- Education: Hampshire College (BA) Stanford University (PhD)
- Scientific career
- Workplaces: Reed College University of Maryland, College Park SLAC National Accelerator Laboratory
- Thesis: Production of high intensity electron bunches for the SLAC Linear Collider (1987)

= Mary James (scientist) =

Professor of physics

Mary B. James is an American physicist and educator. She is the Dean for Institutional Diversity and the A. A. Knowlton Professor of Physics at Reed College. James specializes in particle physics and accelerators.

== Early life and education ==
James' father was one of the Tuskegee Airmen. She earned a bachelor's in physics at Hampshire College in 1976. She completed a PhD in accelerator physics at Stanford University in 1986. She worked at SLAC National Accelerator Laboratory, designing high current electron injectors for the linear collider. She studied the longitudinal bunching of transrelativistic electron beams in high space charge forces and longitudinal wake fields.

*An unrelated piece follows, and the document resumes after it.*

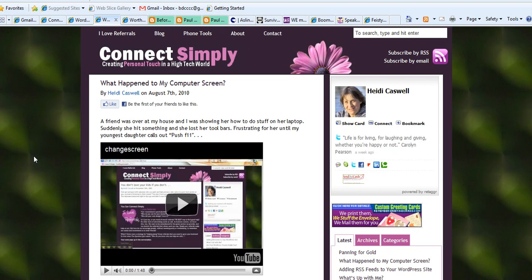And immediately my 13-year-old son speaks up and says push F11, and if you do that it will toggle it off so your toolbars are up and they're gone. And just little things like that that are very helpful to know, but if they're on this website you forgot, you can go back in and find them.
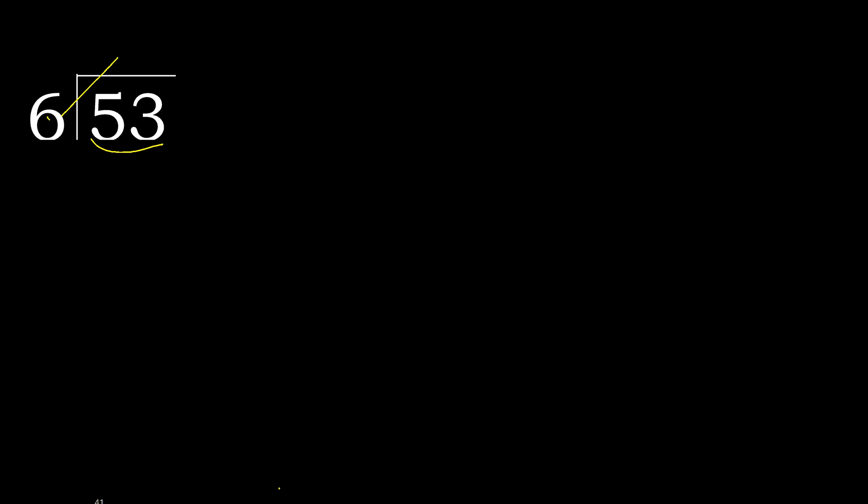6 multiplied by which number is nearest to 53 but not greater? 6 multiplied by 9 is 54, is greater. Multiplied by 8 is 48, is not greater. 53 minus 48 is 5.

At SLAC National Accelerator Laboratory she also contributed to the polarized electron injector (PEGGY).

== Research and career ==
In 1977 James worked with Dr. R. H. Miller to design a new focusing system for SLAC's position source. In 1987 James joined University of Maryland, College Park as an assistant professor in electrical engineering. Soon thereafter she moved to Portland, Oregon, to join the faculty of the department of physics at Reed College, where she has been a faculty member since in 1988. At Reed, James has taught broadly across the physics curriculum. In 1991 she was in Stanford, California working for Stanford Linear Accelerator Center (SLAC), on a Special Projects Group.

James has been an advocate for women and minority students throughout her career. In 2013 James was announced as Dean for Institutional Diversity at Reed College. She is on the leadership team of the Liberal Arts Diversity Officers consortium. The consortium looks at how faculty can navigate incidents of bias, and develops ways to change the structure and allow them to thrive. James contains a hard core belief that the physics department should adopt a more welcoming environment for people of color, specifically African Americans in order grow the diversity in the physics community. She has served as a member and chair for the American Physical Society committee on Minorities in Physics.

She established Reed College's Center for Teaching and Learning, which looks to attract and retain women, first generation students and people of color in STEM majors. She is concerned that underrepresented minority students feel isolated on campus, and that faculty of colour invest time in mentoring for minority students which distract from the tenure process. When classes at Reed College were cancelled due to student protests over a curriculum that was "too white, male and Eurocentric", Reed appeared on public radio and national media emphasizing the need for inclusive pedagogy. As a teacher, she creates an active learning environment which makes students recognize physics does not only need straight A students.

Working with the American Institute of Physics she launched TEAM UP in April 2018, a Task Force to Elevate African American Representation in Undergraduate Physics & Astronomy. The program involved a survey, site visits and evidence-based recommendations with pilot schools. The report from the Task Force appeared in spring 2020 and identifies a number of the factors responsible for the success of African American students in physics and astronomy along with research-based recommendations for faculty and institutions to increase the representation of African Americans in these fields. The key barriers cited in the report included financial burdens, departmental culture and 'physics identity' and belonging. Comments and updates on the results of this task force have recently been published.

==Recognition==
James was named a Fellow of the American Physical Society (APS) in 2021, after a nomination from the APS Forum on Physics and Society, "for outstanding contributions to improving access, inclusion, equity, and mentorship in physics, including as co-chair of the TEAM-UP Task Force, speaking at CUWiP conferences, and as Dean for Institutional Diversity at Reed College".